The KFF report identified "menstrual irregularities" as an "adverse underwriting action." In other words, insurance companies couldn't deny coverage because of an abnormal menstrual cycle, but they could take actions such as charging more for coverage, excluding coverage for that particular condition from an overall policy, or increasing a policyholder's deductible.
It's not clear exactly what symptoms an insurance underwriter would consider to be "menstrual irregularities." The KFF report does not offer a definition, but other sources provide some suggestions. According to the National Institutes of Health, for example, the most common menstrual irregularities include heavy periods, prolonged bleeding, spotting, and frequent periods. In other words, if your period bleeding lasts more than eight days or occurs fewer than 21 days apart on a regular basis, your symptoms could be deemed "irregular" by your insurance provider.

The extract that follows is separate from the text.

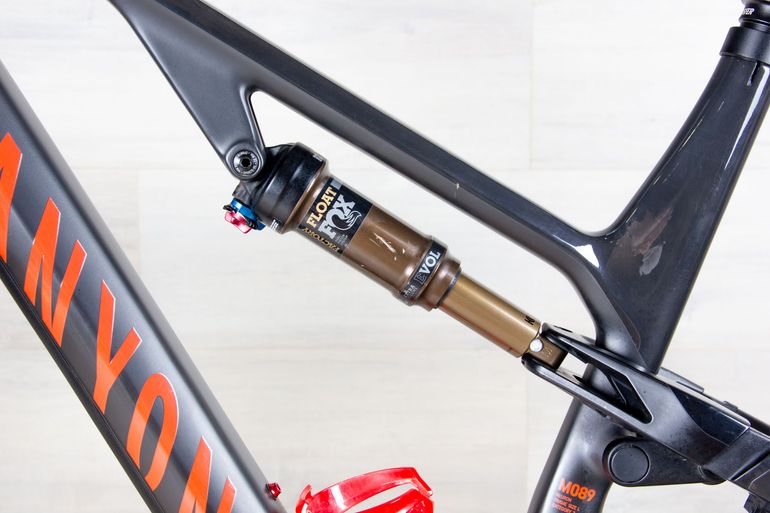 Used Canyon Neuron CF SLX 2021 Mountainbike, Black — image 14 of 18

Before the ACA went into effect, women reportedly paid up to 1.5 times more for health insurance than men. In fact, according to the University of Pennsylvania's Wharton School, higher insurance prices cost U.S. women up to $1 billion annually before Obamacare made charging for preexisting conditions illegal. Even with the ACA on the books, healthcare costs may have been higher for women. Healthcare company Vitals reported last year that women pay 69 percent more than men in out-of-pocket healthcare costs, thanks to services like mammograms, tubal ligation (aka "getting your tubes tied"), and even knee replacements.
If the GOP healthcare bill passed on Thursday makes its way to the books, then being a woman could again become more expensive. All it could take for insurance companies to charge more for a woman's coverage is a heavy period or irregular spotting. It's as if being a woman weren't hard enough already.